If the record heat is verified, it would be the hottest temperature in the Arctic, the region that is warming not less than twice the global rate. Records in the town have been kept since 1885.
On Sunday, the region recorded a high temperature of 35.2 degrees, which is a notch below the Saturday reading, reports The Sydney Morning Herald.
Coldest Spots in The World
Verkhoyansk, a town of 1,300 inhabitants located far north than Fairbanks, Alaska, is known for its unusually wide temperature range. The location is one of the coldest spots in the world, with its temperature often dipping below minus 50 degrees.
Chersky, located 1,127 km north-east of Verkhoyansk, unusually reached 30 degrees the past week.
The year 2020 has been different for Siberia as it recorded above-extreme temperatures, accelerating the meltdown of snow and ice, also contributing to permafrost melt. This caused a major oil spill, while the Siberian wildfire season had an unusually severe and early beginning.

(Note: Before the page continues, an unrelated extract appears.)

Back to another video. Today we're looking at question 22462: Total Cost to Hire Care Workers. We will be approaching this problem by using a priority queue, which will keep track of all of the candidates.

Norilsk's oil spill leaked not less than 20,000 tonnes of diesel fuel into Ambarnaya River. To date, this ranks as the worst spill in the Russian Arctic's history.

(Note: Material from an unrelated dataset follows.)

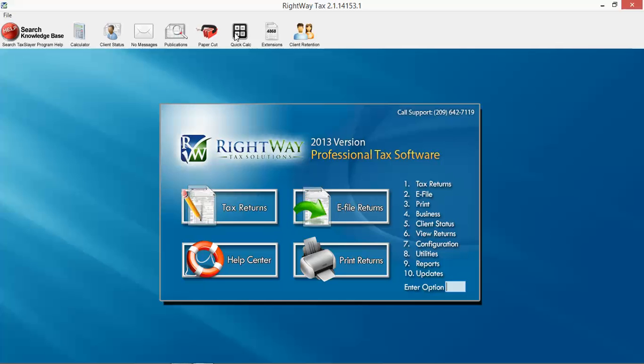We also do have a quick calculator. This is by far the fastest estimator utility I've seen in a tax program, so quick calc. Again, we'll have another video on that as well.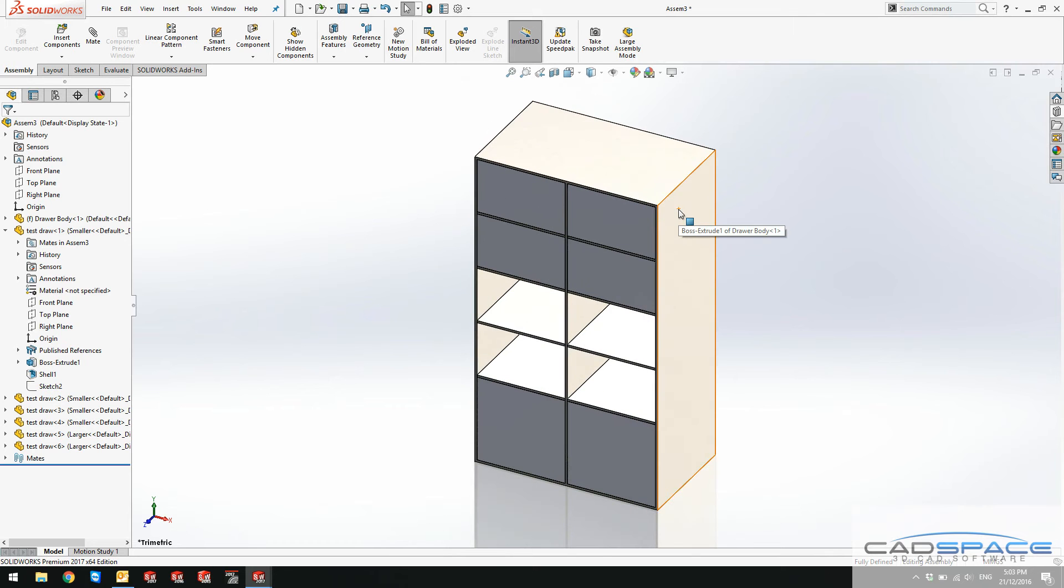So these magnetic mates are the easiest way of mating your parts. And this is a very new feature to take advantage of in SOLIDWORKS 2017.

Questions arose on how accurate the Verkhoyansk temperature measurement system really is, and also on the Saturday weather balloon launch. Heat in the lower atmosphere, in about 1,500 meters, was unusually warm at 21 degrees, hinting extreme surface heat.
Global warming has been tackled in many ways scientifically. In Italy, giant tarpaulin sheets were used to cover glaciers in its northern region so that it slows the melting due to global warming. This is a six-week process that is repeated every year after ski seasons as summer begins fully.
This is a conservation project, first launched in 2008 by Italian firm Carosello-Tonale. Since 1993, the Presena glacier lost more than a third of its volume.
More on The Record
The World Meteorological Organisation (WMO), which verifies global records, does not recognize the polar regions as separate, for its extremes archiving. Hence, the new Arctic record might not get its place in official history books, said Randy Cerveny, professor at Arizona State University, leading the WMO's weather and climate extremes team.
According to Copernicus Climate Change Service, an EU initiative, high pressures parked over the region resulted in such records far from average.
These temperature trends seem to continue, with models pointing towards continued extreme warmth in the region for the next 10 days, and would spill over into parts of Canada and Scandinavia.
Copernicus scientists also note that the last six months were probably unprecedented since 1880 after they paired data with NASA's surface records.